Worsening economic conditions were also being felt in major emerging countries such as Brazil and India, causing some economists to wonder just where growth is going to come from.
“The global economy downshifted sharply in May, and judging by these data, the US followed suit,” said Michelle Girard, economist at RBS. US stocks fell sharply as the employment numbers compounded worries about upcoming elections in Greece and banking troubles in Spain, pushing the Dow Jones industrial average down over two per cent on the day, and negative for the year. Treasury bond yields, in contrast, continued to hit record lows across the board as investors scurried for safety.
In Britain, manufacturing activity shrank at its fastest pace in three years last month as the global economic slowdown hit demand for its goods.
Markit’s Euro Zone Manufacturing Purchasing Managers’ Index (PMI) dropped to 45.1 in May from 45.9 in April. Similarly, the output index fell to 44.6 from April’s 46.1, also the lowest since June 2009.
US manufacturing proved a bit more resilient, with the Institute for Supply Management’s Index falling modestly in May but still at a respectable level of 53.5. New orders also rose to their highest since April of 2011.
Core consternation Earlier data from France and Germany, Europe’s largest economy, showed their manufacturing sectors contracted at the fastest pace in nearly three years. It was only German strength that had prevented the Euro Zone falling into recession in the first quarter. Italy’s factories contracted for the 10th straight month, while in Spain the PMI fell below that of Greece, and posted lowest reading of all the countries surveyed.
The UK economy is mired in its second recession in two years and its PMI plunged to 45.9 last month, its lowest reading since May 2009 and the second-steepest fall in the survey’s 20-year history.
The Euro Zone’s economic
deterioration prompted more than a third of economists polled by Reuters this week to say the
European Central Bank will cut interest rates from their record one per cent low before the end
of the year to boost growth.
“Fundamentals certainly justify a rate cut any time soon. However, the ECB might keep some powder dry at next week’s meeting and wait for the outcome of the Greek elections — and future of the monetary union — to change its policy stance,” said Annalisa Piazza at Newedge.
Greece, which unleashed the financial maelstrom that has ravaged the bloc, is due for a crucial second election on June 17 that may determine whether it remains a member of the currency union.
BRICS take a hit
Declines in two gauges of
China’s manufacturing sector were particularly worrying for
investors looking to the world’s second-biggest economy to pick up the slack created by Europe’s debt crisis and sluggish US economy.

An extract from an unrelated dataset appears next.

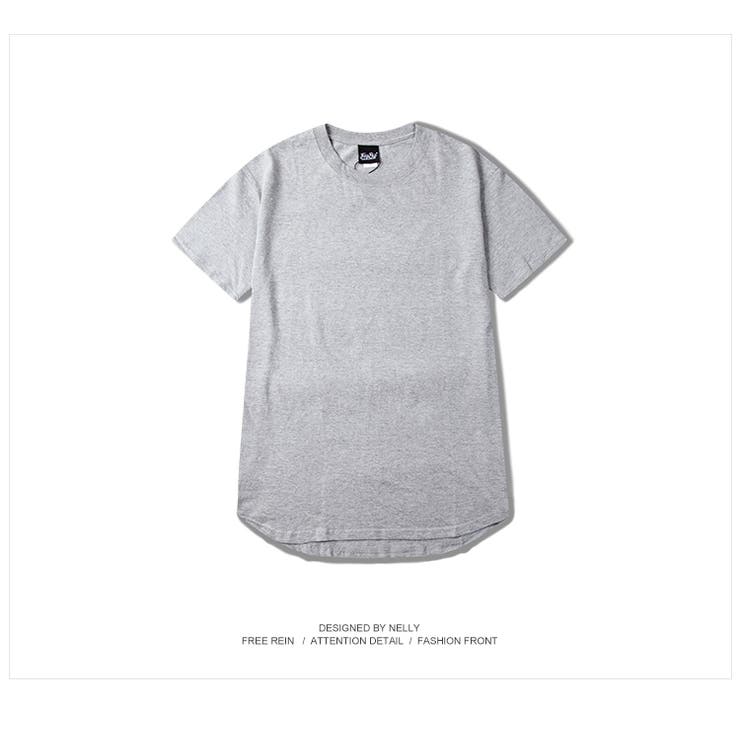 グレー | ロング丈 ラウンドカット 半袖Tシャツ | RAiseNsE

China’s annual economic growth is expected by analysts to fall to 7.9 per cent in the second quarter, the first dip below eight per cent since 2009. That could pile pressure on authorities to attempt further stimulus. The country’s
official PMI fell more than expected to 50.4 in May, the weakest
reading this year and down from April’s 13-month high, with output at its lowest since November 2011.

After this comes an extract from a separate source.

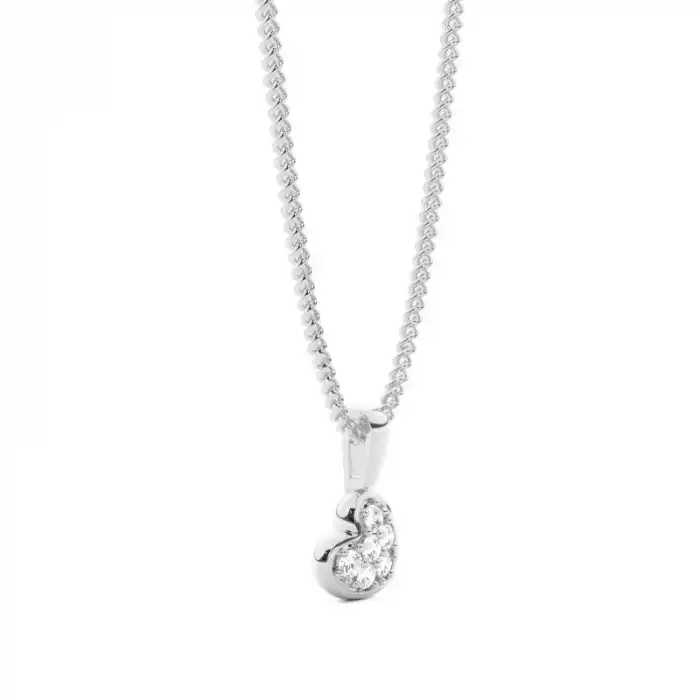 White Gold Heart Diamond Pendants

India was also feeling the
pain. Growth in its gross domestic product slumped in the first quarter to a nine-year low of 5.3 per cent as the manufacturing
Brazil’s economy barely expanded in the first quarter, setting the stage for another disappointing year and casting new doubt on
the health of emerging markets.
The economy grew just 0.2 per cent compared to the final three months of 2011, less than half the pace economists expected.